> _YOUR INSTRUCTIONS_
Once the images are removed, set down everything else in the listing below exactly.

> _GIVEN INFORMATION_
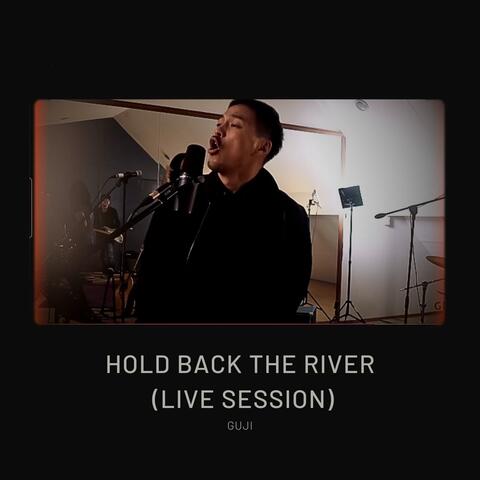 Hold Back The River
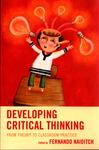 Developing Critical Thinking : From Theory to Classroom Practice by Fernando Naiditch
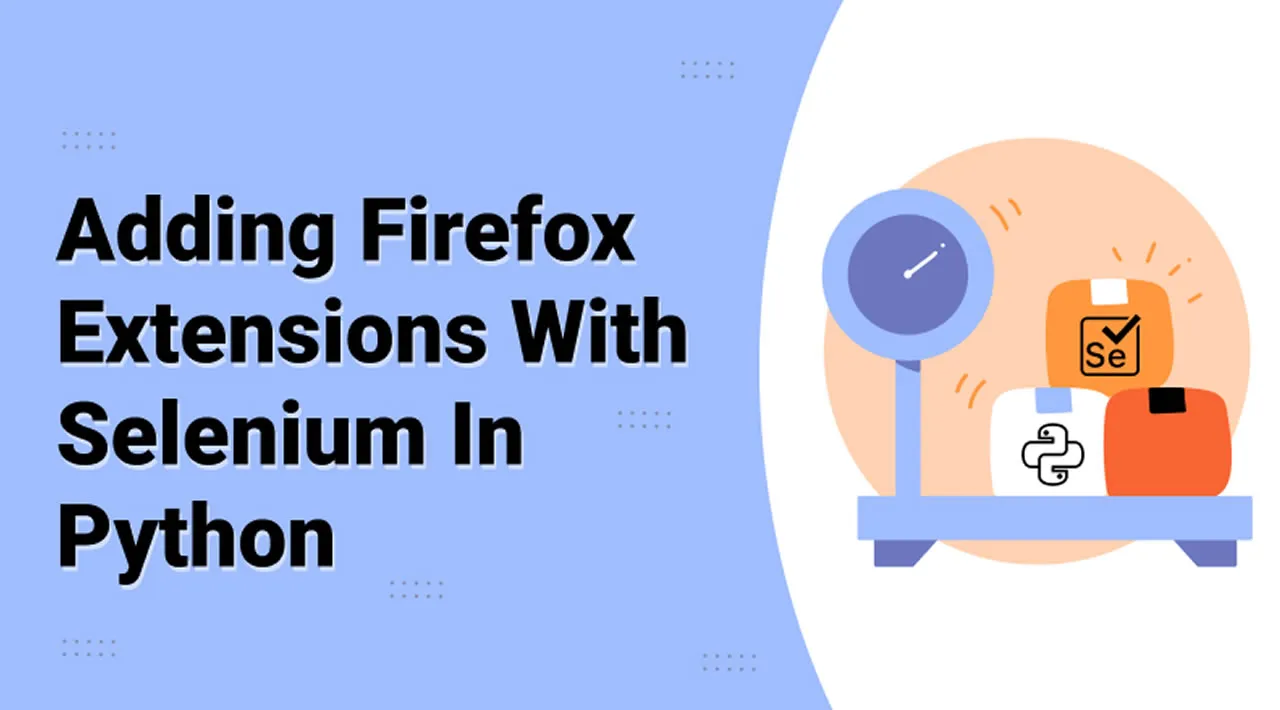 How to Add Firefox Extensions with Selenium in Python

> _TASK SOLUTION_
 Hold Back The River
 Developing Critical Thinking : From Theory to Classroom Practice by Fernando Naiditch
 How to Add Firefox Extensions with Selenium in Python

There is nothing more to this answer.